I won’t go into the nitty-gritty details, but there are a few ways in which we can deal with GxE interaction. One is to just ignore it, and hope that our predictions don’t suffer too much. This is what most genomic prediction in plants has done to date, on account of using models originally developed by animal breeders. We can get more fancy by explicitly including GxE effects in our models. As my coauthors and I found, this offers little or no benefit when trying to predict the performance of lines that have never been tested before. However, we see more benefit when we either a) implement sparse testing (that is, testing some lines in one environment, different lines in another environment, and then using the relationships between the lines to predict everyone’s performance across all environments), or b) when we use multiple correlated traits for prediction.

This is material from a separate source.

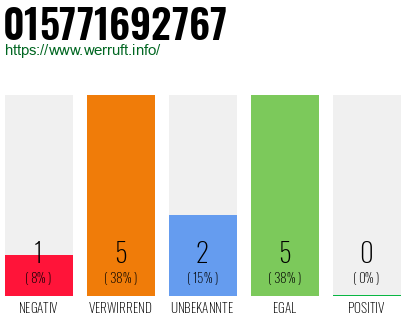 Rufnummer 015771692767 Telefonnummer 015771692767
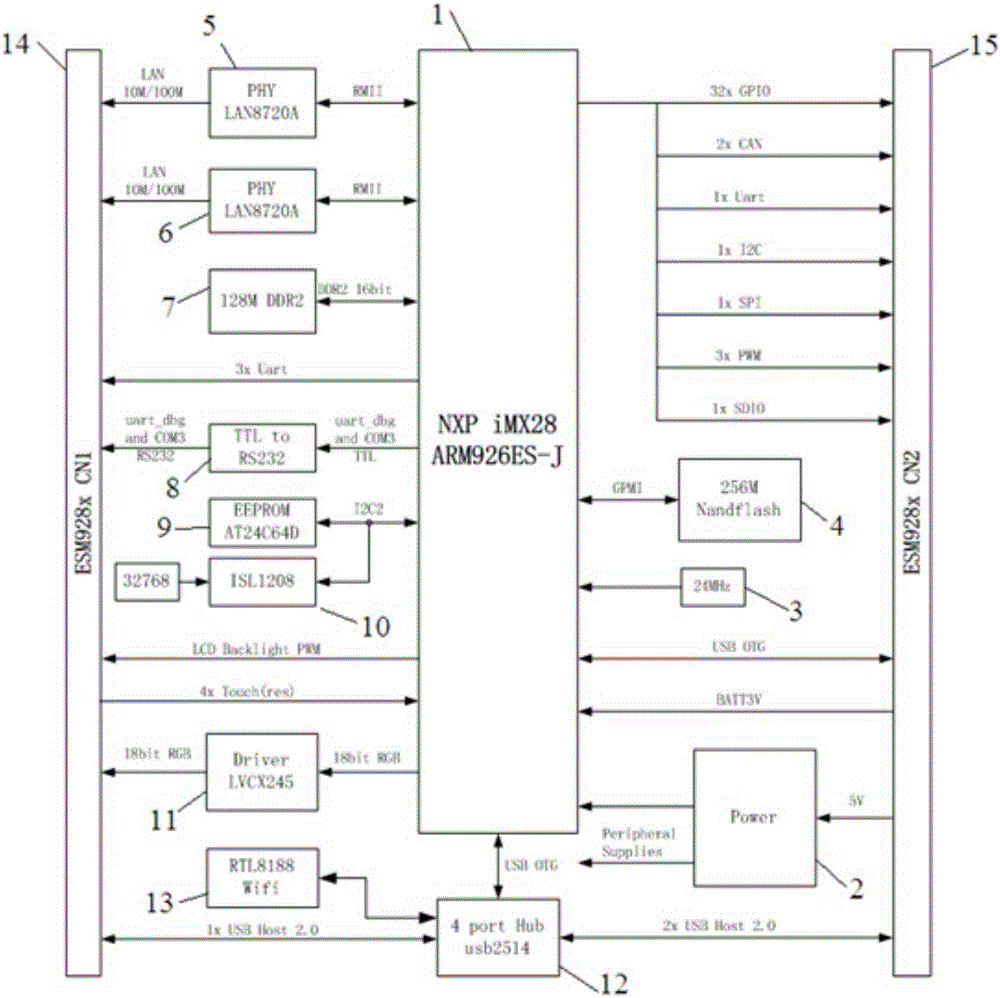 一種符合esmarc規(guī)范的arm9嵌入式計算機主板的制作方法附圖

At any rate, I think this is probably enough on the topic of genomic prediction for the time being. Plant breeders are now largely past the theorizing and how-to stages of studying this technique. Now we have arrived at the stage where people simply have to try it out, and see how it compares against the age-old method of direct phenotypic selection. It should at least be interesting to see whether it ends up being worth all the hassle or not.